Gonzalez introduced the bill after Gov. Gavin Newsom introduced his budget proposal for fiscal year 2019-2020, which includes a provision to increase the state’s paid family leave program from six weeks to six months for new families. Currently, California families can receive between 60 and 70 percent of their income during their paid family leave window.
“Workers who need to use family leave absolutely deserve more time off, but first they deserve to be able to take that time off,” Gonzalez said. “Many working class Californians aren’t able to use our paid family leave program because they can’t afford to receive only a portion of their paycheck. A worker shouldn’t have to choose between meeting their household budget and taking necessary time off during critical moments in life.”
A March 2017 report by the Pew Research Center found that 17 percent of people with an annual income between $30,000 and $74,999 wanted to take time off from their jobs but weren’t able to due to budgetary concerns.

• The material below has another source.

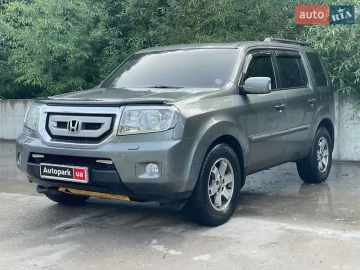 Авто Honda Pilot 2008 № 7744401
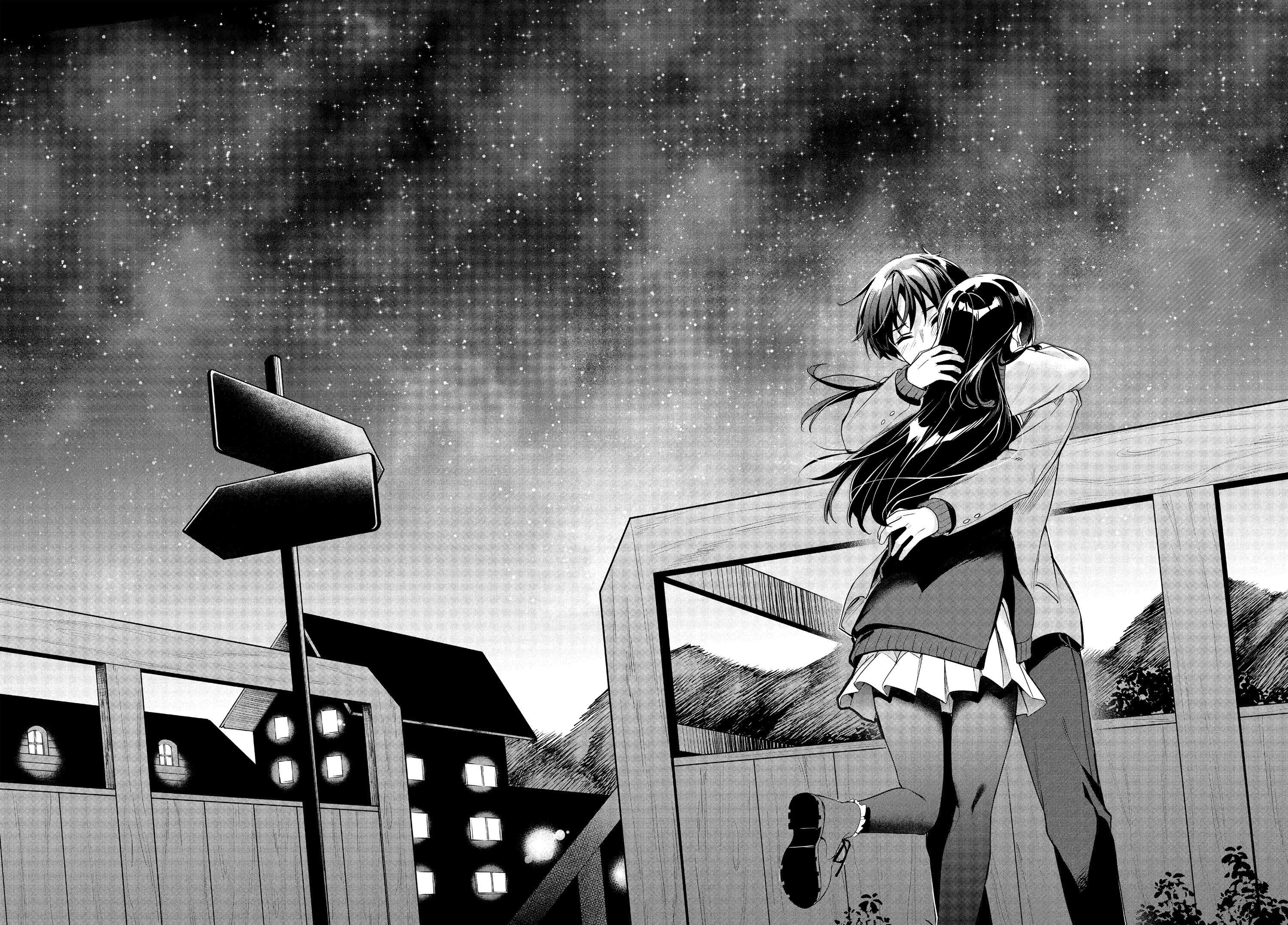 Voy a vivir contigo no porque mis padres me dejaron su deuda, sino porque me gustas Capitulo 26 página 16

That number rose to 30 percent for people making $30,000 or less.
A May 2016 Associated Press poll also found that 72 percent of Americans support paid family leave programs.
In 2002, California became the first state in the U.S. to adopt a paid family leave program. The program went into effect in 2004.
According to Gonzalez’s office, California also would be the first in the country to guarantee full income replacement if her bill is signed into law and the first to extend paid time off to six months.